Data section Start Marker

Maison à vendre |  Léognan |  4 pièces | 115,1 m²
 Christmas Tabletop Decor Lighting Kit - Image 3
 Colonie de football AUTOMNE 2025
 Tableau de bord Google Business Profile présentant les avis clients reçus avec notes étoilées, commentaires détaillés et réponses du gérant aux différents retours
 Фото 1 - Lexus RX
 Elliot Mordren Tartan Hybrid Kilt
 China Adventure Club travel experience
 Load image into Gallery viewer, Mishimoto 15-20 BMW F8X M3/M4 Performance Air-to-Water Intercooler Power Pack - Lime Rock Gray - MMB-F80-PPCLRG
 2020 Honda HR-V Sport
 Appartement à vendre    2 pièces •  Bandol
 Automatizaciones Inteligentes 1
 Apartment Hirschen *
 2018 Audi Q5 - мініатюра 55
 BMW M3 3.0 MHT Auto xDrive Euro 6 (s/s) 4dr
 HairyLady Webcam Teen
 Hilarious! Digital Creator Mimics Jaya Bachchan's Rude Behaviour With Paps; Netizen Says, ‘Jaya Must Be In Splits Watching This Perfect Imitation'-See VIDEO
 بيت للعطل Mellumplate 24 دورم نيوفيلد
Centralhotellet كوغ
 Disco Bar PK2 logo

Data section End Marker

**Aim of the task:** Please reproduce the material above exactly, line by line.

**Result below:**
Maison à vendre |  Léognan |  4 pièces | 115,1 m²
 Christmas Tabletop Decor Lighting Kit - Image 3
 Colonie de football AUTOMNE 2025
 Tableau de bord Google Business Profile présentant les avis clients reçus avec notes étoilées, commentaires détaillés et réponses du gérant aux différents retours
 Фото 1 - Lexus RX
 Elliot Mordren Tartan Hybrid Kilt
 China Adventure Club travel experience
 Load image into Gallery viewer, Mishimoto 15-20 BMW F8X M3/M4 Performance Air-to-Water Intercooler Power Pack - Lime Rock Gray - MMB-F80-PPCLRG
 2020 Honda HR-V Sport
 Appartement à vendre    2 pièces •  Bandol
 Automatizaciones Inteligentes 1
 Apartment Hirschen *
 2018 Audi Q5 - мініатюра 55
 BMW M3 3.0 MHT Auto xDrive Euro 6 (s/s) 4dr
 HairyLady Webcam Teen
 Hilarious! Digital Creator Mimics Jaya Bachchan's Rude Behaviour With Paps; Netizen Says, ‘Jaya Must Be In Splits Watching This Perfect Imitation'-See VIDEO
 بيت للعطل Mellumplate 24 دورم نيوفيلد
Centralhotellet كوغ
 Disco Bar PK2 logo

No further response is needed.